Prompt
Your reply is to be the lines below, exactly as written, with images omitted.

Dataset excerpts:

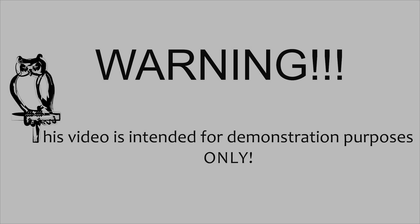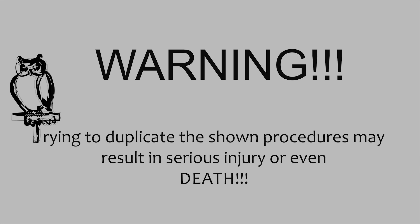This video is intended for demonstration purposes only. Trying to duplicate the shown procedures may result in serious injury or even death.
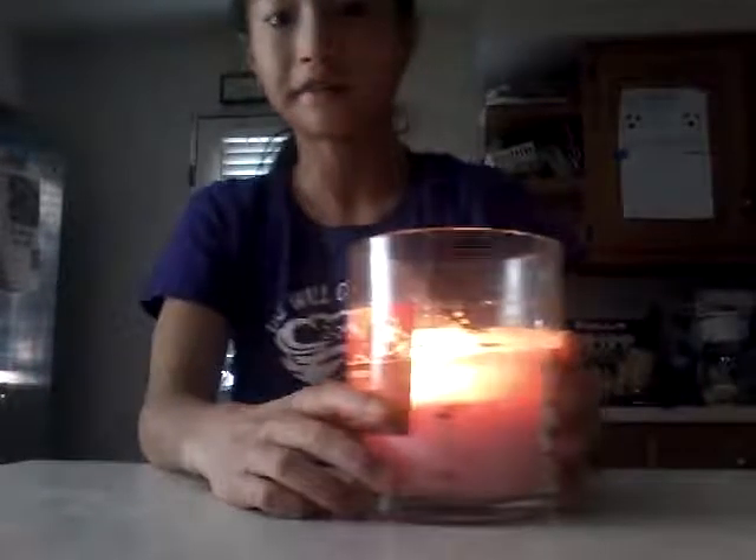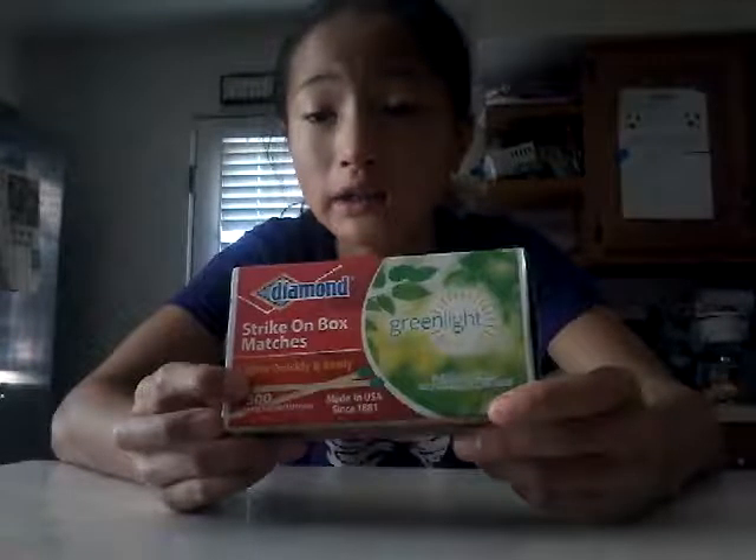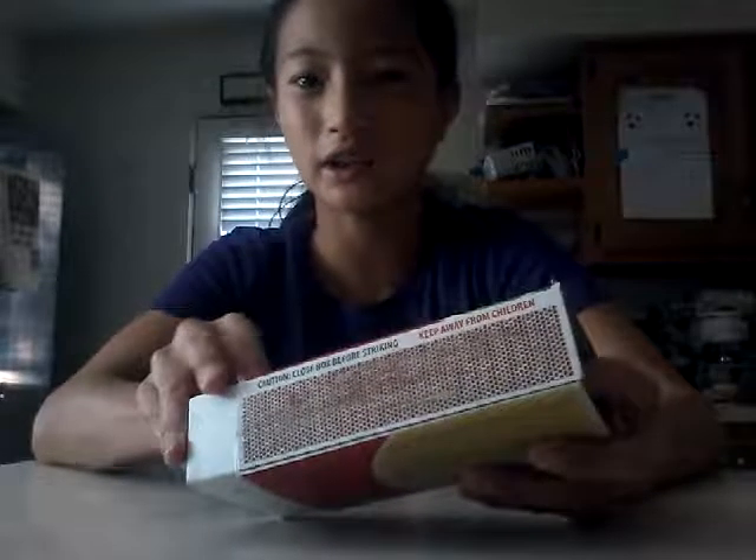Hi guys, I'm going to show you how to put out fire with a match or a candle like this, but I might not do the candle fire because that one might burn me. I suggest you get the 300 match because it's easy to light, and they're more thicker too so I kind of trust them better.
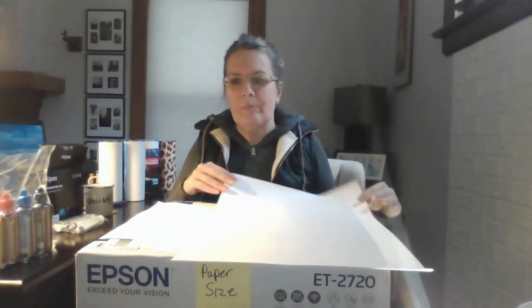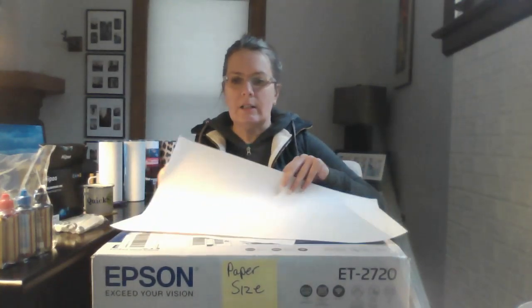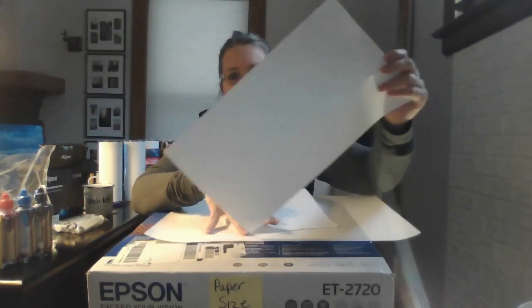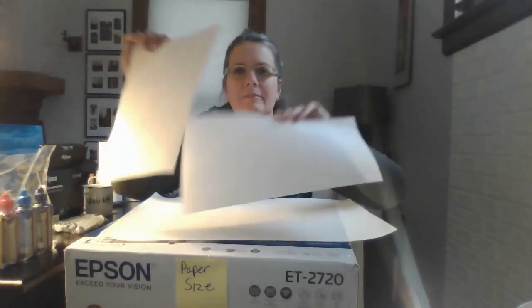The ET-15000 starts at around $600 as of December 2020, so if you're watching this later, prices may have changed. So there you have it: letter and legal size paper are your two options for the Epson 2000, 3000, and 4000 model lines — whether it's the 2720, 2760, 3720, 4700, or 4760. The model number doesn't matter; letter and legal are your paper size options.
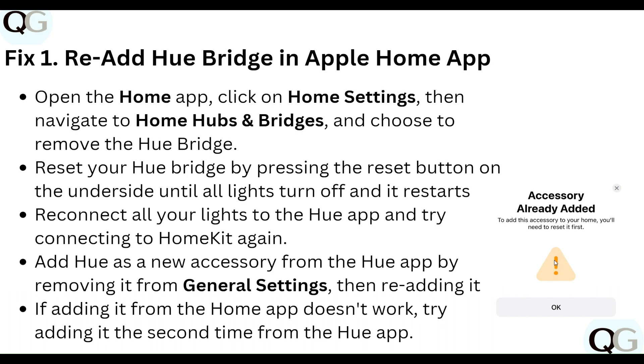Reconnect all your lights to the Hue app and try connecting to HomeKit again. Add Hue as a new accessory from the Hue app by removing it from general settings, then re-adding it. If adding it from the Home app doesn't work, try adding it from the Hue app instead.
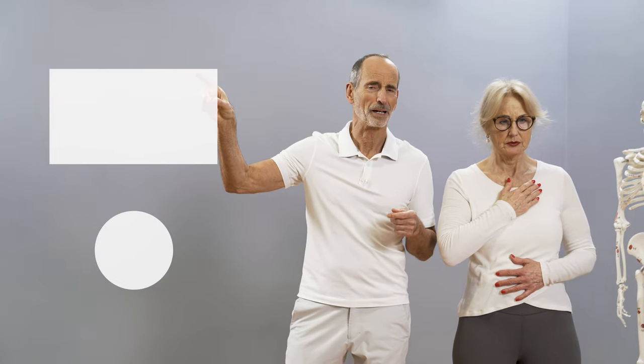We also have a special exercise routine where you, together with me, can do these exercises. Just click up here and have fun with it, because we can help you to get more air.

Result for this exercise
This video is intended for demonstration purposes only. Trying to duplicate the shown procedures may result in serious injury or even death.
Hi guys, I'm going to show you how to put out fire with a match or a candle like this, but I might not do the candle fire because that one might burn me. I suggest you get the 300 match because it's easy to light, and they're more thicker too so I kind of trust them better.
The ET-15000 starts at around $600 as of December 2020, so if you're watching this later, prices may have changed. So there you have it: letter and legal size paper are your two options for the Epson 2000, 3000, and 4000 model lines — whether it's the 2720, 2760, 3720, 4700, or 4760. The model number doesn't matter; letter and legal are your paper size options.
Reconnect all your lights to the Hue app and try connecting to HomeKit again. Add Hue as a new accessory from the Hue app by removing it from general settings, then re-adding it. If adding it from the Home app doesn't work, try adding it from the Hue app instead.
We also have a special exercise routine where you, together with me, can do these exercises. Just click up here and have fun with it, because we can help you to get more air.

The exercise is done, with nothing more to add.